1 of 10

Code Review

Melanie Frazier & Julie Lowndes

rOpenSci Community Call

October 16, 2018

2 of 10

OUR SITUATION

Global Ocean Health Index calculated every year (since 2012)!

Work in R

Mostly write code to wrangle and analyze data

3 of 10

OUR SITUATION

We review our code every year (4-6 people)

We’ve had a chance to determine what works

4 of 10

IDEAL vs.
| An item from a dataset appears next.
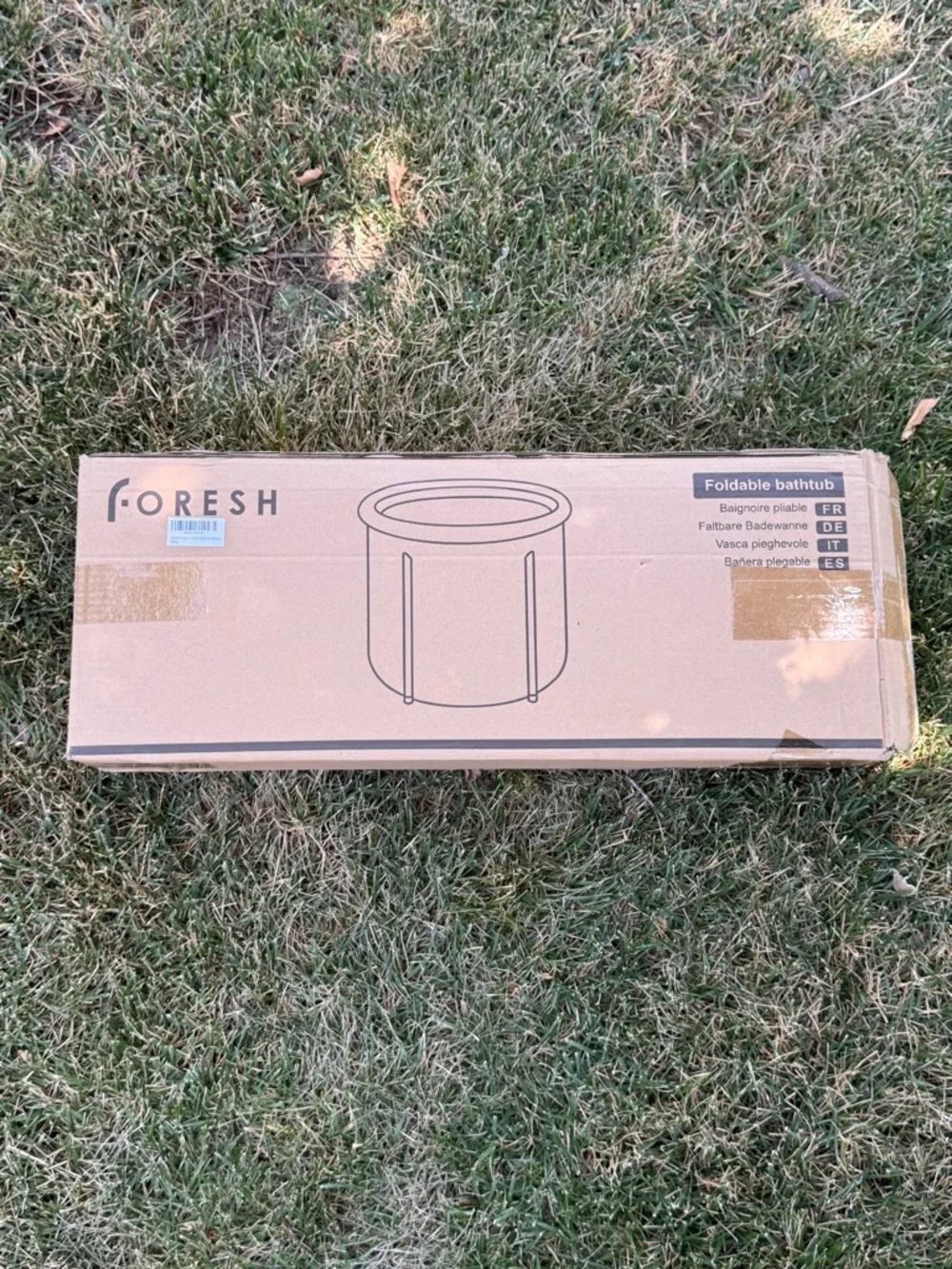fresh Black Foldable Portable Bath Tub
REALITY

THE BEST: Have someone independently

recreate code

2nd BEST: External review of all code

BUT: Time is an obstacle!

What to do!?

5 of 10

  1. MAKE IT EASY TO SHARE

  • Github repos: store all code and data
  • Github issues: report, questions, reference materials, etc.
  • here package: standardize file paths (previous: ~/github/)

6 of 10

2. PROMOTE COMMON PRACTICES

  • Weekly Team Meetings: discuss coding

(tidyverse, etc)

  • Protocols for file organization
  • Put code in Rmds: flow between documentation & code

We prioritize documentation over code optimization

(we are sometimes guilty of unnecessary loops, cut-and-paste, etc ….. oh-well!)

7 of 10

3. ERROR AVOIDANCE TRAINING

  • Break code into manageable chunks

(no run-on dplyr chains)

  • Techniques to check data esp. at danger points (i.e., joins, NAs)
  • Write warnings/errors and/or document expectations when checking data

(e.g., “# should be length 0”)

8 of 10

4. REVIEW AS A PROCESS

We post results (in near real time as well as for final review) to a Github issue:

  • Do results make sense
  • Explore NAs
  • Explore outliers

9 of 10

5. STRATEGIC CODE REVIEW

  • Restart R Session and rerun code
    • Make sure it still runs!
    • Review warnings
    • Compare results with previous runs

git2R to pull data from previous commits

  • External review of some code (~ 50% for us)
    • Complex analyses
    • New team members

10 of 10

LAST THINGS

Work to create an environment where mistakes are expected and OK (Parker 2017) !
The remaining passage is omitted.